REQUIRED ACTION: Copy exactly the lines of the material below that run from the one containing "キュートパステルレインボースパークル子供の誕生日パーティー 缶バッジ (正面)" through the one containing "Mbështjellës Guess GUHMP14XP4RPSK". Copy no other lines.
§ §
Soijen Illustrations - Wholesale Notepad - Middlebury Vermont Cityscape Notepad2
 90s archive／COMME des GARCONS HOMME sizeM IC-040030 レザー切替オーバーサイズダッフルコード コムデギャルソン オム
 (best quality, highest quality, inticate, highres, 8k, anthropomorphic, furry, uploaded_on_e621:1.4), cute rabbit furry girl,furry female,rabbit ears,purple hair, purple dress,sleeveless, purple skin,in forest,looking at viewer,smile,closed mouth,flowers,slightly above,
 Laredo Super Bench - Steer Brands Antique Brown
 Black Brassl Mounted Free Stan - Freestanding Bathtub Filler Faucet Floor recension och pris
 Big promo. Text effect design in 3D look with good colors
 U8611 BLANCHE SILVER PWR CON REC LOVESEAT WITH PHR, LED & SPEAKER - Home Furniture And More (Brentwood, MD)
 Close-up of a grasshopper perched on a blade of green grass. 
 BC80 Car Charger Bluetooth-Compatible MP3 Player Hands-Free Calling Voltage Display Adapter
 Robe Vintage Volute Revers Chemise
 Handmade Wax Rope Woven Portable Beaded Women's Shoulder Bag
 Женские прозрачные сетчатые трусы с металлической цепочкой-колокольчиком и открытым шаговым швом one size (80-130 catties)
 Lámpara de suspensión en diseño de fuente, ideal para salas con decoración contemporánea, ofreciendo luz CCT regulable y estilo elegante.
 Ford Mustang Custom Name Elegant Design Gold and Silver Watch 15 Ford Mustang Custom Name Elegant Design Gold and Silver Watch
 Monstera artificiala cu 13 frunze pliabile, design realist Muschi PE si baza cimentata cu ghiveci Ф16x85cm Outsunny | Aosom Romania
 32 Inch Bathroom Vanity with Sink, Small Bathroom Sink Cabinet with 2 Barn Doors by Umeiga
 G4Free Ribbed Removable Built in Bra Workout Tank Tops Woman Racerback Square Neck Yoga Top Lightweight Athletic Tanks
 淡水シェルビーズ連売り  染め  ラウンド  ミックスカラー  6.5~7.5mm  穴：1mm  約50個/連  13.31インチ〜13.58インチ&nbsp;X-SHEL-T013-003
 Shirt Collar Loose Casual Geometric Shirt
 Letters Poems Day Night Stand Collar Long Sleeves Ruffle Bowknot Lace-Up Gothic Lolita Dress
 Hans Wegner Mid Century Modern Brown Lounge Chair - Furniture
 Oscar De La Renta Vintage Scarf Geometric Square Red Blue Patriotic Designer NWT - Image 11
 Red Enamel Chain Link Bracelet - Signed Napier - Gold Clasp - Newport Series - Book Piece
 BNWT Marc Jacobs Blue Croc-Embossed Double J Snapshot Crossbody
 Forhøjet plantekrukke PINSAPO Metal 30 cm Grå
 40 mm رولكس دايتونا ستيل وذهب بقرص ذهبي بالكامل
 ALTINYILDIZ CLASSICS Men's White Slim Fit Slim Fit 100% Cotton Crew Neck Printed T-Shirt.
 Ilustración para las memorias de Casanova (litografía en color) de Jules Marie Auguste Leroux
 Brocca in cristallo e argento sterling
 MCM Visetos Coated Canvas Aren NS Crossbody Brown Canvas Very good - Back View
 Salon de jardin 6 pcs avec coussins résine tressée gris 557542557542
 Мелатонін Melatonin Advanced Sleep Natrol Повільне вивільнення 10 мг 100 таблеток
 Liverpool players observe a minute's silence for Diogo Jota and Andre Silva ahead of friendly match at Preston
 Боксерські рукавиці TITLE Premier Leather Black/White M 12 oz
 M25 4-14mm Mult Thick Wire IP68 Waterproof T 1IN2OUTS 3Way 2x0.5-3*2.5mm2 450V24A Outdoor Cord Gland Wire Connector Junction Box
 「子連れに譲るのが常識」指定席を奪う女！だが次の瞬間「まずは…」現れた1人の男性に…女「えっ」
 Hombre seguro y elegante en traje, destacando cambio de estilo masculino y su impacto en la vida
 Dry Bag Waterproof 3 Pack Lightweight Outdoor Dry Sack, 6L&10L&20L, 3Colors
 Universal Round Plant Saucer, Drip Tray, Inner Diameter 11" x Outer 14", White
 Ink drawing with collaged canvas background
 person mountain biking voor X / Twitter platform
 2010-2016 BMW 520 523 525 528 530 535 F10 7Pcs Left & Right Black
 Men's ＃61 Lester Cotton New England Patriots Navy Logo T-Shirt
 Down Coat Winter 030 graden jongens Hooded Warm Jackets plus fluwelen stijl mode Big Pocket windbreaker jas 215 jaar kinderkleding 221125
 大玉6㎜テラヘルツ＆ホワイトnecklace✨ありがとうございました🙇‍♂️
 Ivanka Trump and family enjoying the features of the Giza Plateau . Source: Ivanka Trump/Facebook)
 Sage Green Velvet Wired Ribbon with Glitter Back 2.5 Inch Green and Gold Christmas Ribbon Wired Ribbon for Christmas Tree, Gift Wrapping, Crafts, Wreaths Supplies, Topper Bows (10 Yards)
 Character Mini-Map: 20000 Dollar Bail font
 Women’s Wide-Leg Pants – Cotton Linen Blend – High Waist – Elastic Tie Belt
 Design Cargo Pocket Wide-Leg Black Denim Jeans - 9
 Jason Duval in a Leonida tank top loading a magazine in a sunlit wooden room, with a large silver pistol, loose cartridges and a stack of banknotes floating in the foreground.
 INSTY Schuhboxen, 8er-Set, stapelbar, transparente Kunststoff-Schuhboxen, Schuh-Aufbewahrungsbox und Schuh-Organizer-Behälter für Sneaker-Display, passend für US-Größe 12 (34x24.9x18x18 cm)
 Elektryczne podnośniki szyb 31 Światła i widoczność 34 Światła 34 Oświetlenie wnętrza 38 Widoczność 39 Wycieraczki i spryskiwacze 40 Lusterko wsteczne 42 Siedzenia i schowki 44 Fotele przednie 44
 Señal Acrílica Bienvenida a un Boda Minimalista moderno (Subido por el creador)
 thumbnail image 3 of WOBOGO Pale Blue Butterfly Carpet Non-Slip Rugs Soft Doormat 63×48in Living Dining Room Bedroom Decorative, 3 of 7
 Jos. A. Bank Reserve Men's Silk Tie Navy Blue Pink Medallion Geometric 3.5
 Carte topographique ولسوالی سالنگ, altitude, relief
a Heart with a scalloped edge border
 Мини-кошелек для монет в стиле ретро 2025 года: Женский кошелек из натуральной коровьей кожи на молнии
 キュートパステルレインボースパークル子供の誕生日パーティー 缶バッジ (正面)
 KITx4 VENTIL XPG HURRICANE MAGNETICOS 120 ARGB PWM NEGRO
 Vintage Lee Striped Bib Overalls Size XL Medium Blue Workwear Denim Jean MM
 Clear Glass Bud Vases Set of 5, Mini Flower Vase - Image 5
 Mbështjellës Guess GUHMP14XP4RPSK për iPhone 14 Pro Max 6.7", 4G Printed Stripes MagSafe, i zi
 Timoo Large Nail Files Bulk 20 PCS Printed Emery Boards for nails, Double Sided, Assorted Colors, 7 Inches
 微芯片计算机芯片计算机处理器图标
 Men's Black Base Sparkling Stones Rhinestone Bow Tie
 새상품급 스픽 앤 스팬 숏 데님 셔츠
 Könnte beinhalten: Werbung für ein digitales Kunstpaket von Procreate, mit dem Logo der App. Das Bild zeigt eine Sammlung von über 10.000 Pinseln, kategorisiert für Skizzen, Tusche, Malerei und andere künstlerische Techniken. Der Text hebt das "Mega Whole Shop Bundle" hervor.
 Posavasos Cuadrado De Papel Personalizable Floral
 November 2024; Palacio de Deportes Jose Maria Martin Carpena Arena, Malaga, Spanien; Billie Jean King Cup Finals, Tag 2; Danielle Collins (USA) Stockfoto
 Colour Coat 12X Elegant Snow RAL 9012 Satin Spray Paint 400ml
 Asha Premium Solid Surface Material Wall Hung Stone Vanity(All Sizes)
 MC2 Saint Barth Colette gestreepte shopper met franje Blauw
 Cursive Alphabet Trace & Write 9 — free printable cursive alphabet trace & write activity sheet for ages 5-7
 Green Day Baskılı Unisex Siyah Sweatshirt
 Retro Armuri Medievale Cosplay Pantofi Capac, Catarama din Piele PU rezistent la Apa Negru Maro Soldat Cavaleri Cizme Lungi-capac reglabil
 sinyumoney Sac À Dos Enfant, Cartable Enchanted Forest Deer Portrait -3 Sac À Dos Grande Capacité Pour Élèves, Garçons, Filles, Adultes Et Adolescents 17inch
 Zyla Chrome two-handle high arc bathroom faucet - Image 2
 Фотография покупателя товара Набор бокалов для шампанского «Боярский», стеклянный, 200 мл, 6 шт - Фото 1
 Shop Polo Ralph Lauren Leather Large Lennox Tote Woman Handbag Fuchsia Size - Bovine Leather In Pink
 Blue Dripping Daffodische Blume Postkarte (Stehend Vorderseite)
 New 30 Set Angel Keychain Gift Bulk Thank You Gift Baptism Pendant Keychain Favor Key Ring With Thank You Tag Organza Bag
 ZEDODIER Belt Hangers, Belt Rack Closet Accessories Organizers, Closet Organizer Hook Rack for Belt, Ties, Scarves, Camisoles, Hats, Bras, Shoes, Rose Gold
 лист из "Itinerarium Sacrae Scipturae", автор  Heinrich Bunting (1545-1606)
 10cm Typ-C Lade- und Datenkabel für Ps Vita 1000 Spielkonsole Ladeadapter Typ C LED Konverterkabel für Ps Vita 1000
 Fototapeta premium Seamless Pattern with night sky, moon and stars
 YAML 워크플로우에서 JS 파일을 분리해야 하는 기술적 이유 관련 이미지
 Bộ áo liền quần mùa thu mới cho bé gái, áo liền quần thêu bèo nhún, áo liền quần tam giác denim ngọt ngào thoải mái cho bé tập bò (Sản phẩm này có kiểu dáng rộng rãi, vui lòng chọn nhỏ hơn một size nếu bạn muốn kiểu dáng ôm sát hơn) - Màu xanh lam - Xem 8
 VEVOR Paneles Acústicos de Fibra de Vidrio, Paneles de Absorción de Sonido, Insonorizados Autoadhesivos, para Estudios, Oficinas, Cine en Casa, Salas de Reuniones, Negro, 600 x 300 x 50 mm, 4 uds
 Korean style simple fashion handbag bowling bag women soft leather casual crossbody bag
§ §
WRITTEN RESPONSE:
 キュートパステルレインボースパークル子供の誕生日パーティー 缶バッジ (正面)
 KITx4 VENTIL XPG HURRICANE MAGNETICOS 120 ARGB PWM NEGRO
 Vintage Lee Striped Bib Overalls Size XL Medium Blue Workwear Denim Jean MM
 Clear Glass Bud Vases Set of 5, Mini Flower Vase - Image 5
 Mbështjellës Guess GUHMP14XP4RPSK për iPhone 14 Pro Max 6.7", 4G Printed Stripes MagSafe, i zi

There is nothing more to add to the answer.